Should the listing contain images, exclude them; give the rest again exactly.

## Records for the task
# # # # #

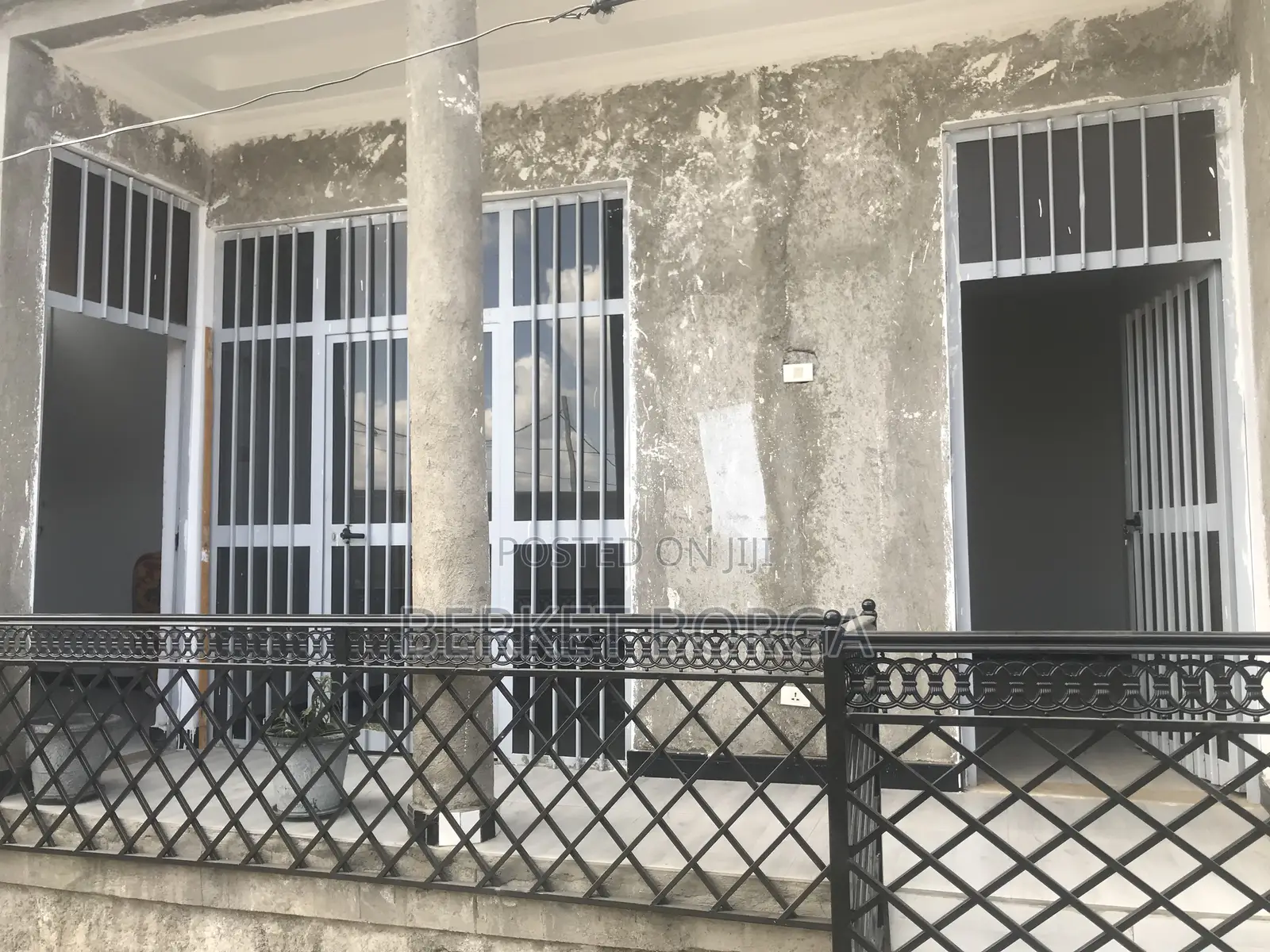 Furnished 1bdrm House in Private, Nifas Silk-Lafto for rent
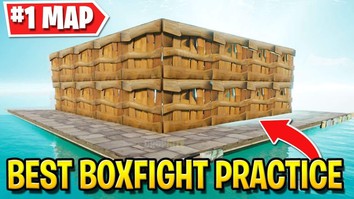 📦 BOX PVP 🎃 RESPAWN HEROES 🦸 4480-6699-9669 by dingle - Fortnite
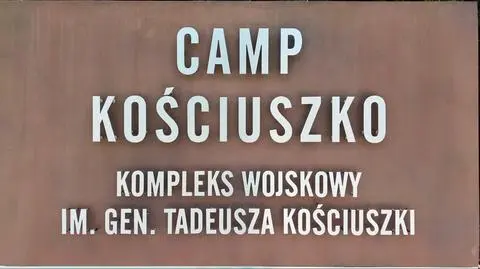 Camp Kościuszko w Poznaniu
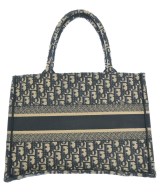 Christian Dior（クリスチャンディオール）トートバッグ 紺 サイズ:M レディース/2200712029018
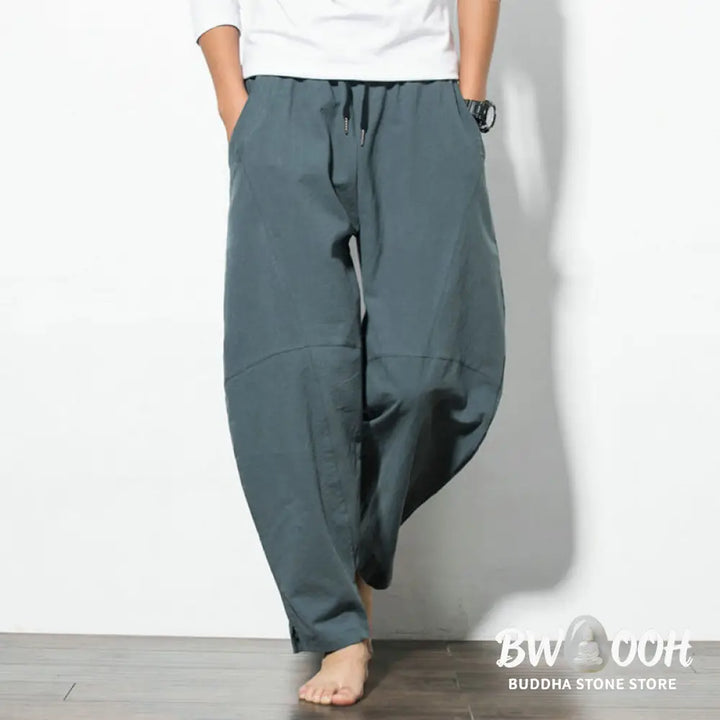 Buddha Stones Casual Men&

# # # # #

## Solution below
 Furnished 1bdrm House in Private, Nifas Silk-Lafto for rent
 📦 BOX PVP 🎃 RESPAWN HEROES 🦸 4480-6699-9669 by dingle - Fortnite
 Camp Kościuszko w Poznaniu
 Christian Dior（クリスチャンディオール）トートバッグ 紺 サイズ:M レディース/2200712029018
 Buddha Stones Casual Men&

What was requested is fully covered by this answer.